» **The data**:
[Start of Attachment]

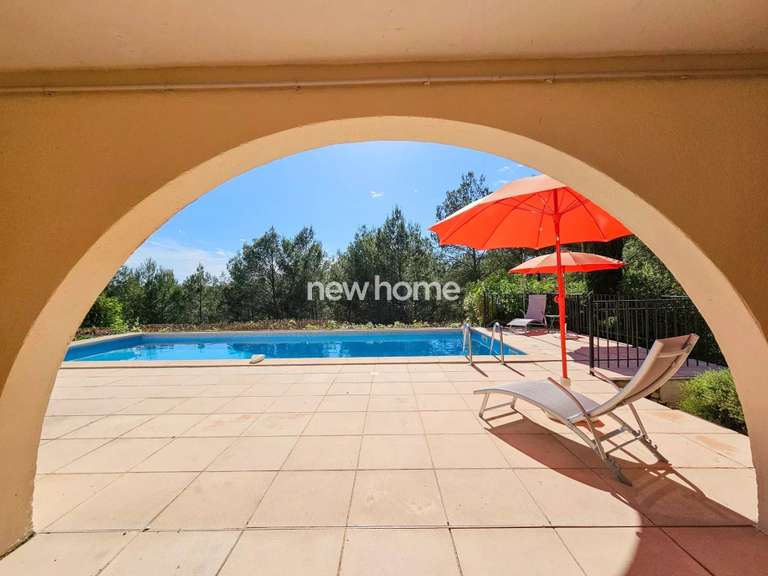 Maison Flayosc - 4 chambres - 236m²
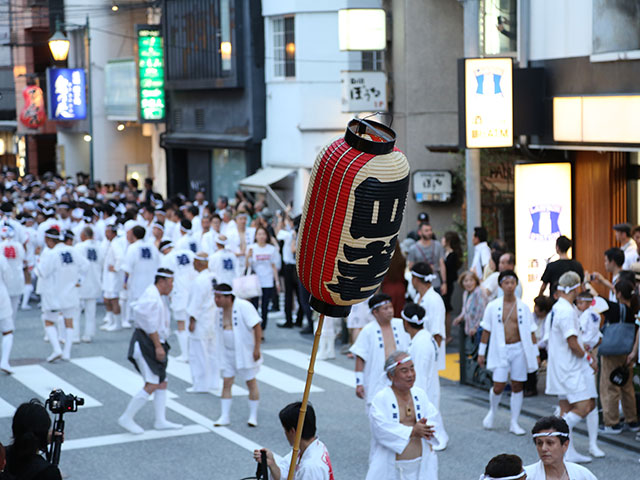 さきぞう花見小路ビル前
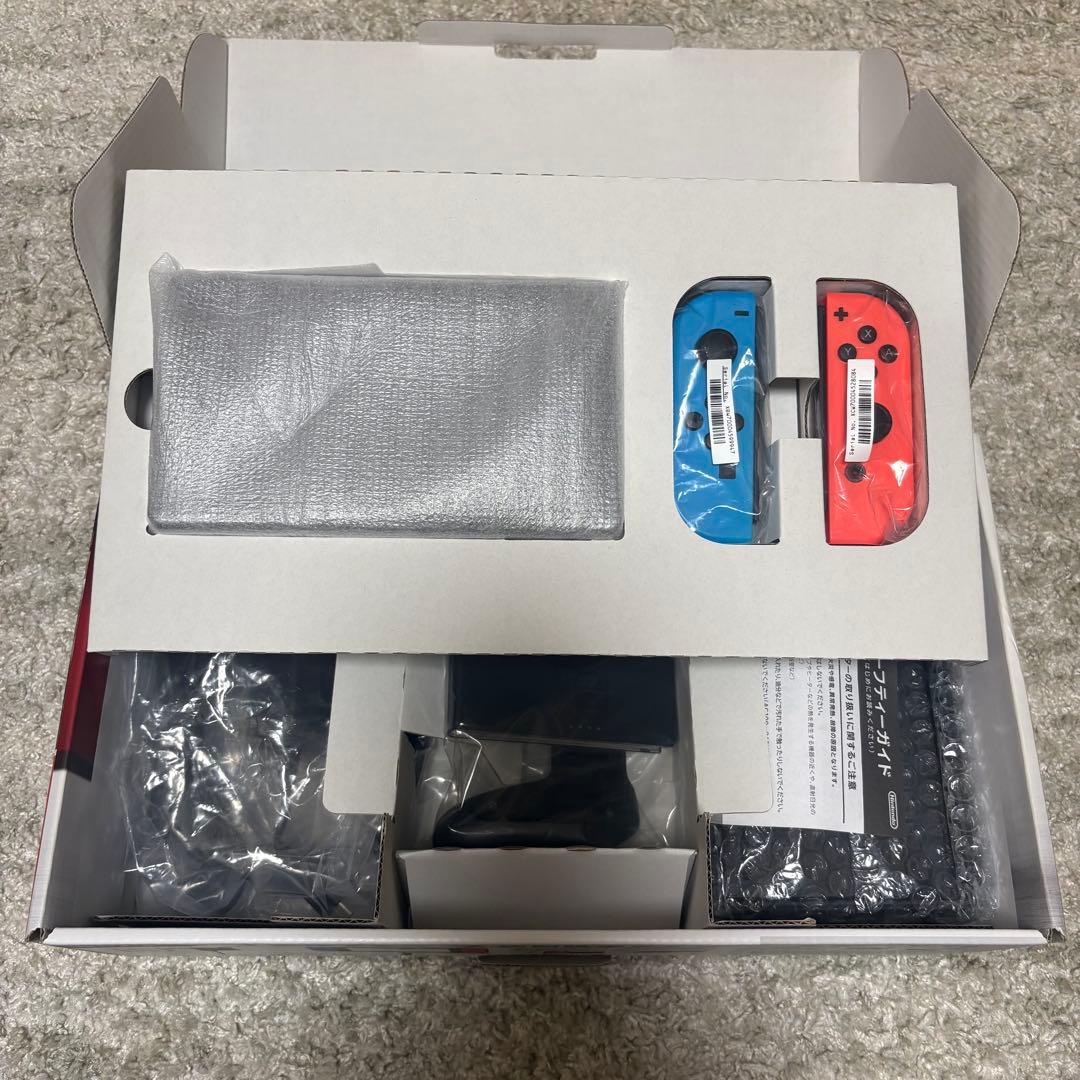 Nintendo Switch (L)ブルー/(R)レッド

[End of Attachment]

» **Required action**: Everything in the listing should be copied exactly, apart from the images it holds.

» **Solution**:
 Maison Flayosc - 4 chambres - 236m²
 さきぞう花見小路ビル前
 Nintendo Switch (L)ブルー/(R)レッド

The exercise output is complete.